Pictures stay out; everything else in the listing below is to be restated word for word.

Data
● ● ● ● ● ● ●

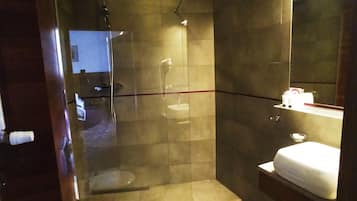 Ducha, artículos de tocador gratuitos, secador de pelo, toallas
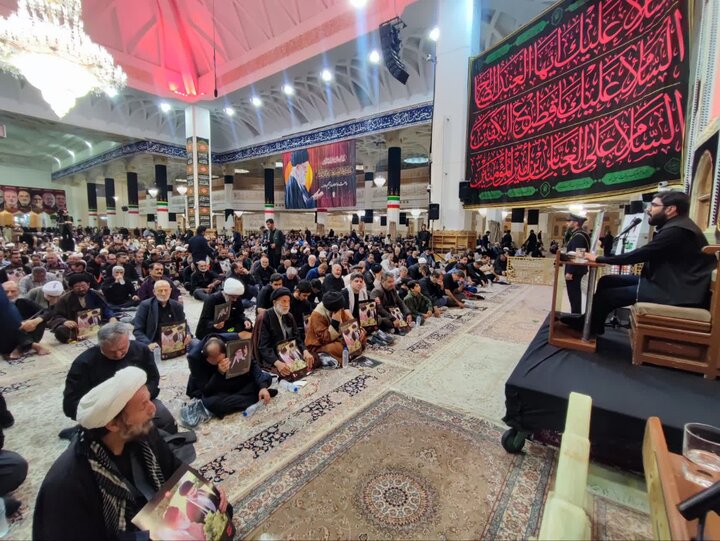 حضور همکاران اداره کل امور اقتصادی و دارایی در مراسم یادبود رهبر شهید در حرم حضرت معصومه (س)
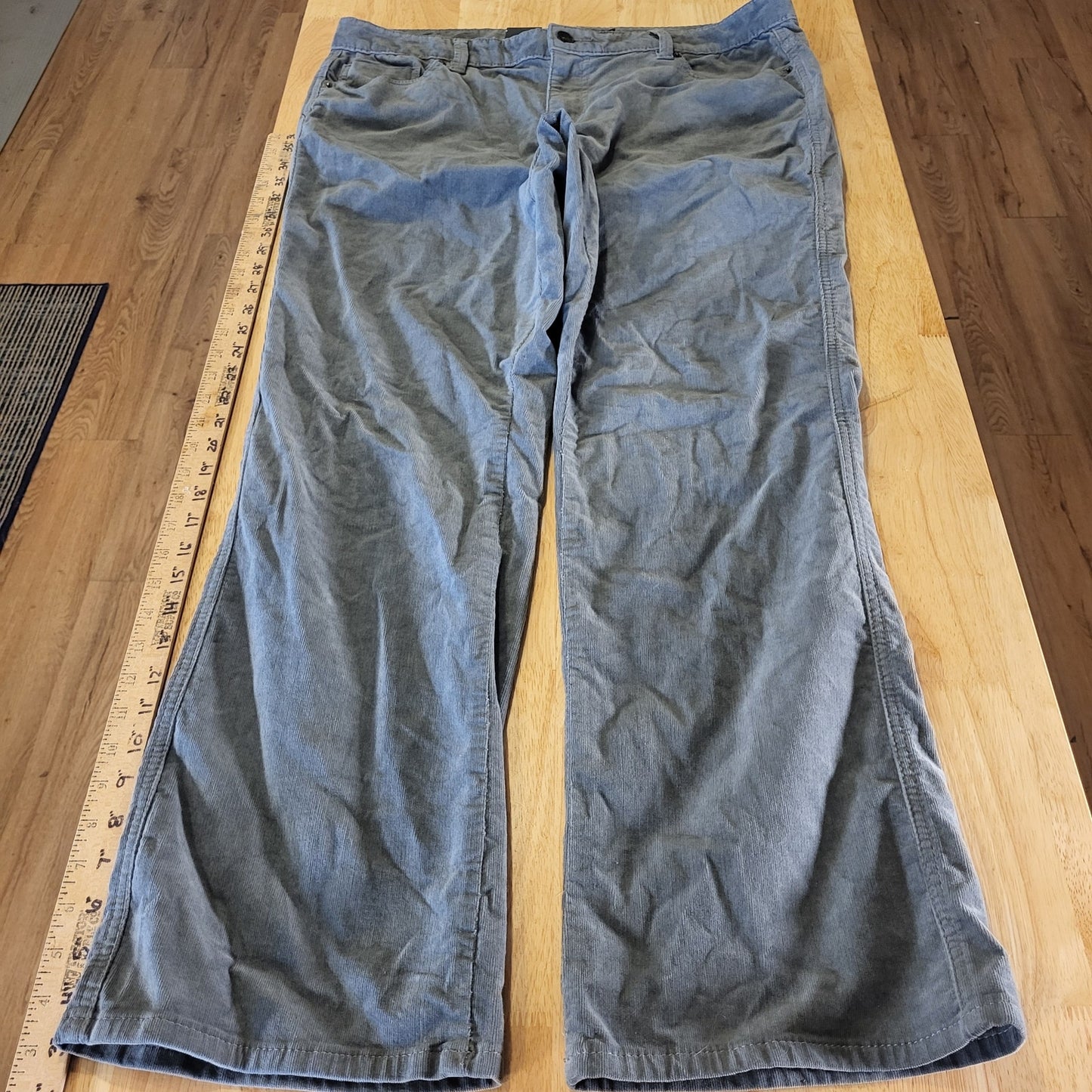 NWT Calvin Klein Jeans Gray Corduroy Straight Leg Sz. 16 Cotton Stretch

● ● ● ● ● ● ●

Answer to this exercise
 Ducha, artículos de tocador gratuitos, secador de pelo, toallas
 حضور همکاران اداره کل امور اقتصادی و دارایی در مراسم یادبود رهبر شهید در حرم حضرت معصومه (س)
 NWT Calvin Klein Jeans Gray Corduroy Straight Leg Sz. 16 Cotton Stretch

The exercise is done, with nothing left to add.